Temos vários países europeus que promovem essa proposta. É muito simples: quem reside no país, pode comprar casa; quem não vive no país, não pode fazer esse tipo de compras. No contexto atual, só serviriam para aumentar ainda mais os preços. Essa proposta não feriu nenhum direito do espaço europeu e não nos parece que tenha problemas constitucionais — não estamos a colocar em causa o direito à propriedade; estamos a colocar atos de compra e venda futuros, restringindo os direitos a residentes no nosso país.

O Bloco apoiou e ajudou o Governo durante os últimos anos. Não deveria ter sido mais exigente na área da habitação?
O Governo tem protelado muitas das propostas que o próprio Governo tem feito. Ter casas para todas as pessoas do país, que era a proposta para os 50 anos de Abril, caiu por terra. A proposta de ter 26 mil quartos para estudantes também caiu por terra. Na verdade, há um conjunto de decisões que se tivessem sido executados poderiam ter feito a diferença na vida das pessoas. O Governo, assim que as anuncia e mal tem qualquer ameaça do setor imobiliário, acaba por não levar em diante as suas intenções. Por outro lado, medidas mais musculadas têm sido sempre negadas pelo PS. Não é segredo nenhum que foi crescente o afastamento entre o PS e o BE sobre matérias fundamentais. Foi o PS que se quis afastar da esquerda.

"Saída de Catarina Martins? Qualquer partido tem de ter sempre alternativas porque o partido não se esgota em pessoas. Se se esgotar, é porque não tem força política suficiente. O Bloco não se esgota em pessoas, seja dentro ou fora grupo parlamentar. Há um projeto para o futuro do Bloco muito para lá da nossa participação"

“Lei da eutanásia que vier a existir deve ser inatacável”

Concorda quando António Costa diz que tem tido uma maioria dialogante com os outros partidos?
Confesso que não consegui impedir um certo sorriso quando ouvi essa frase.

O Bloco tem estado em vários protestos. A forma de atuação de sindicatos como o S.TO.P. prejudica a luta dos professores?
Não olhamos à convocatória das manifestações. Temos acompanhado e continuaremos a acompanhar todas as mobilizações em defesa da escola pública.

Catarina Martins já disse que a maioria dos professores estavam a fazer greve da maneira como devia e que não deviam ser penalizados pela forma de luta que o S.TO.P. promoveu.
A grande crítica que fazemos enquanto partido é esta obrigação de serviços mínimos, que nos parece manifestamente à margem da lei e do direito constitucional. De resto, os sindicatos são livres de usarem a forma a de luta que entenderem dentro dos limites legais — e creio que isso tem acontecido. Não temos qualquer problema em estar ao lado de Mário Nogueira, André Pestana ou outro dirigente de professores desde que as reivindicações sejam justas.
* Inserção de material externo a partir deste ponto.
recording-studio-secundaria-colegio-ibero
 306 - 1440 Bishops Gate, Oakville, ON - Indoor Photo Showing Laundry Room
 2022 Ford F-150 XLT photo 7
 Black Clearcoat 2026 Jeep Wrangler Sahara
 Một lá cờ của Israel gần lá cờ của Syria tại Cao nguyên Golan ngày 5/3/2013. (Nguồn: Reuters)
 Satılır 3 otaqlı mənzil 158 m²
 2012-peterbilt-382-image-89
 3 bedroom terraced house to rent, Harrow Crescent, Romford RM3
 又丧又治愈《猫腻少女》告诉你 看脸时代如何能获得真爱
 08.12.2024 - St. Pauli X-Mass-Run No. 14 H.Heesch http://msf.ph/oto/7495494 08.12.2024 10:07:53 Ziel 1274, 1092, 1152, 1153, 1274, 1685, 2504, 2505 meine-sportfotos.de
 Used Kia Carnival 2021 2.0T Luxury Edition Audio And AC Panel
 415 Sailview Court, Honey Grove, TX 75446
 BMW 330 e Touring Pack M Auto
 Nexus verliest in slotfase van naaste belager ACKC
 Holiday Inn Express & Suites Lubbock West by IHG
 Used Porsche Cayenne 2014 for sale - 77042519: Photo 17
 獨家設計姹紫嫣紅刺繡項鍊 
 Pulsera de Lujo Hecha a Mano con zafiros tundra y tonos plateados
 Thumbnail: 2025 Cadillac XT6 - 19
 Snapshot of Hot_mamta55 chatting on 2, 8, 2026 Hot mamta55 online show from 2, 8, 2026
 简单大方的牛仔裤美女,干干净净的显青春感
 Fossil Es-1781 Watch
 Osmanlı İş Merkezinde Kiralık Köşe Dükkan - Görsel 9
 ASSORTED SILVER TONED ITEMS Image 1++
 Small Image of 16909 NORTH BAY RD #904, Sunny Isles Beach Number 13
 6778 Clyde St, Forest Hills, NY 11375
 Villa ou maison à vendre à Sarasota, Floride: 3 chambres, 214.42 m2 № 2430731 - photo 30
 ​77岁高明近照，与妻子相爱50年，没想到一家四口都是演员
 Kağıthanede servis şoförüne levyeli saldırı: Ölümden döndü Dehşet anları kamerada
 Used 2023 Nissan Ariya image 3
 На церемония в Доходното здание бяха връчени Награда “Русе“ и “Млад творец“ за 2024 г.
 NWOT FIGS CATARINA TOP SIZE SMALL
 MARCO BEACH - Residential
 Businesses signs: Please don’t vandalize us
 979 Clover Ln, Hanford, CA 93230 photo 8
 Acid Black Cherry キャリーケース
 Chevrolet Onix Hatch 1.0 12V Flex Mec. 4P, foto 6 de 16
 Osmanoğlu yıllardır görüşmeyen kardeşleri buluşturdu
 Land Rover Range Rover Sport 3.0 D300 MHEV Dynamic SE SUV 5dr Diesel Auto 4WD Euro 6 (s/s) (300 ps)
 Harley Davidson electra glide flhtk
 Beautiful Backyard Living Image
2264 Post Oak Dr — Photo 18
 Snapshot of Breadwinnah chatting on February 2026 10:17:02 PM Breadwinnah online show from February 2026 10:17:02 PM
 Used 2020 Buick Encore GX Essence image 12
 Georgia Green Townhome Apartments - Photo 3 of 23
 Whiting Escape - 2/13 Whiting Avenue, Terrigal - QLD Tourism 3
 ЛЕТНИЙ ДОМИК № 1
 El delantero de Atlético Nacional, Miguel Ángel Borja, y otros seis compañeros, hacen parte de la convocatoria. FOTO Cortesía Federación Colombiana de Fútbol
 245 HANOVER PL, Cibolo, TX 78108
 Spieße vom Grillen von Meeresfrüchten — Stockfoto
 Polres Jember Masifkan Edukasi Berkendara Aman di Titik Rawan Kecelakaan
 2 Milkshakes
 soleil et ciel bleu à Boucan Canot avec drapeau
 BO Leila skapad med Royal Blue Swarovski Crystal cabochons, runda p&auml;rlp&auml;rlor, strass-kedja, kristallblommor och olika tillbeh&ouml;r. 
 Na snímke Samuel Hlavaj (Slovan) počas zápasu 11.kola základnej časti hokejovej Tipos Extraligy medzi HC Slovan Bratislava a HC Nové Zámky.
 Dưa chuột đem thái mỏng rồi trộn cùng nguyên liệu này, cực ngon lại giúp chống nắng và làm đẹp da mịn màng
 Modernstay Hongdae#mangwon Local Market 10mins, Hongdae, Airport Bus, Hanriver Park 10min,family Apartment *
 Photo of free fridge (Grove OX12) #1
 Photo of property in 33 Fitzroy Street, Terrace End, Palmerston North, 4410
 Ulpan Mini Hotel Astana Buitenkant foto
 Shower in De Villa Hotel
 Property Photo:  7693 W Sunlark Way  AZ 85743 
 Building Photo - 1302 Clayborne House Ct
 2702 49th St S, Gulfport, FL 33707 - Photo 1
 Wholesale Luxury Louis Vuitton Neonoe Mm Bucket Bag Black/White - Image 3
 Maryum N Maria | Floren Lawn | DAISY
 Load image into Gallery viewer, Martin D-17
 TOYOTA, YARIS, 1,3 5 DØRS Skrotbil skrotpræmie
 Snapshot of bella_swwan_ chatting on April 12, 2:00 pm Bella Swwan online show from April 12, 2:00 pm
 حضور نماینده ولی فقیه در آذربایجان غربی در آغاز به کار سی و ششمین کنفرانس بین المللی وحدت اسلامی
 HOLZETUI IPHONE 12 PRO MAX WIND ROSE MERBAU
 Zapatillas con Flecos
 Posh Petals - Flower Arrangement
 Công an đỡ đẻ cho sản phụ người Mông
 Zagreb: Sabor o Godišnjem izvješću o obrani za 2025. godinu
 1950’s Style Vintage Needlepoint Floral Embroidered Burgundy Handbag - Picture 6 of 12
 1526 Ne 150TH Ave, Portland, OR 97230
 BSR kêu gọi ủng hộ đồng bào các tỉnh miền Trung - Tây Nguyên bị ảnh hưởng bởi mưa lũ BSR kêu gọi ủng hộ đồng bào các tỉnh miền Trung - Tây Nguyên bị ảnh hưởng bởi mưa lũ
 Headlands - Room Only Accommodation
No caso do S.TO.P., houve a questão do fundo de greve e denúncias sobre o uso dos fundos para pagar a operacionais e assim fechar as escolas. Não há formas de protestos que sejam questionáveis?
Não posso responder a isso porque não conheço os pormenores.

Temos tidos vários avanços e recuos na questão da eutanásia. Marcelo Rebelo de Sousa não quer ficar colado à promulgação desta lei?
Acho que não quer ficar colado. Mas não tenho dúvidas que cumprirá as suas funções enquanto Presidente da República. Com toda a humildade, temos abertura para levar este processo até ao fim com tranquilidade. Não queremos criar uma guerra entre órgãos de soberania. A lei que vier a existir deve ser inatacável.